** THE INPUT **
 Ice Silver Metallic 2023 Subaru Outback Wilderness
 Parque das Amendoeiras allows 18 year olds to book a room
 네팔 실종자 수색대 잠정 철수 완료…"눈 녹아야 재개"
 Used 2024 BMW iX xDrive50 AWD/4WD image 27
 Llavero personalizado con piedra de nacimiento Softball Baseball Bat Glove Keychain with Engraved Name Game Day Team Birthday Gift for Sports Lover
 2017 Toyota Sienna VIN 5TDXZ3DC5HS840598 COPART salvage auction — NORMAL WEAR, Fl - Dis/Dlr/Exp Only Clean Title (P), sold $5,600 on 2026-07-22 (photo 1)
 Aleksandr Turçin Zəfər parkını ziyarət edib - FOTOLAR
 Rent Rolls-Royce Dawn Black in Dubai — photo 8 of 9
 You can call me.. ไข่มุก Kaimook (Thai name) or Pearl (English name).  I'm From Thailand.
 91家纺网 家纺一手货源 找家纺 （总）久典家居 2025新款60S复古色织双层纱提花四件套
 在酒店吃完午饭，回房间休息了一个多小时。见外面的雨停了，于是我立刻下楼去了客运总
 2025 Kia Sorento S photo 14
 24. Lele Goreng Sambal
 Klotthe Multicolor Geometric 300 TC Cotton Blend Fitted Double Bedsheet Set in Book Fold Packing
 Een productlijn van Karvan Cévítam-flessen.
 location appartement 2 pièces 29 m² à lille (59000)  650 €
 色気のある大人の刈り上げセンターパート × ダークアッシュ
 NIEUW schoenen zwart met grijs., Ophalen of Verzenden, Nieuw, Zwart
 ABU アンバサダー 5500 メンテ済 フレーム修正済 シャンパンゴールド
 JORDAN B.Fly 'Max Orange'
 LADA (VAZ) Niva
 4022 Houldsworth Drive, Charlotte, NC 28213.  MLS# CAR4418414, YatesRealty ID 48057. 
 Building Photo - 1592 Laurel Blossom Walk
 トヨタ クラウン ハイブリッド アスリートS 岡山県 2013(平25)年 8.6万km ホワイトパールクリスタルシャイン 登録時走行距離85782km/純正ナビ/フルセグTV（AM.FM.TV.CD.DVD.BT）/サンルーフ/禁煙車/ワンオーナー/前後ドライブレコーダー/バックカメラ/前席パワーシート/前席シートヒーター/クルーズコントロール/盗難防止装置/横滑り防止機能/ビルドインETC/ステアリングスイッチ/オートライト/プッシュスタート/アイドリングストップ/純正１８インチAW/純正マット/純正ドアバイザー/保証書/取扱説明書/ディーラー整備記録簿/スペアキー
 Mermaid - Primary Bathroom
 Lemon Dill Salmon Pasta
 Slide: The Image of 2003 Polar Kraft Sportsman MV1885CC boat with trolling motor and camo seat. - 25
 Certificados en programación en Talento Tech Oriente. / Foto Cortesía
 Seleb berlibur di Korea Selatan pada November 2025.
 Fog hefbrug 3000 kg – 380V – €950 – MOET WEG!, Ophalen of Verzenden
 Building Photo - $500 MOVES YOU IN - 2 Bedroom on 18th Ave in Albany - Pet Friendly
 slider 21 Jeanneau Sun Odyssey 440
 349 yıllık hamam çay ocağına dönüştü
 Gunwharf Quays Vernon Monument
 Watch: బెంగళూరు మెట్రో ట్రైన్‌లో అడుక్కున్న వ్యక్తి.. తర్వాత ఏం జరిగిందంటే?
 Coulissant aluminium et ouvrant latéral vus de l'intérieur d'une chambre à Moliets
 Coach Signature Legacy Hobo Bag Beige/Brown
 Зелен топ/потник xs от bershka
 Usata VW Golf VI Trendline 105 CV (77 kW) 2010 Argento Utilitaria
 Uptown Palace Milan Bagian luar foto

** EXERCISE DESCRIPTION **
Each line in the entries above, starting at the line with "2017 Toyota Sienna" and ending at the line with "Een productlijn van Karvan Cévítam-flessen.", is to be printed exactly, and only those lines.

** ANSWER SECTION **
 2017 Toyota Sienna VIN 5TDXZ3DC5HS840598 COPART salvage auction — NORMAL WEAR, Fl - Dis/Dlr/Exp Only Clean Title (P), sold $5,600 on 2026-07-22 (photo 1)
 Aleksandr Turçin Zəfər parkını ziyarət edib - FOTOLAR
 Rent Rolls-Royce Dawn Black in Dubai — photo 8 of 9
 You can call me.. ไข่มุก Kaimook (Thai name) or Pearl (English name).  I'm From Thailand.
 91家纺网 家纺一手货源 找家纺 （总）久典家居 2025新款60S复古色织双层纱提花四件套
 在酒店吃完午饭，回房间休息了一个多小时。见外面的雨停了，于是我立刻下楼去了客运总
 2025 Kia Sorento S photo 14
 24. Lele Goreng Sambal
 Klotthe Multicolor Geometric 300 TC Cotton Blend Fitted Double Bedsheet Set in Book Fold Packing
 Een productlijn van Karvan Cévítam-flessen.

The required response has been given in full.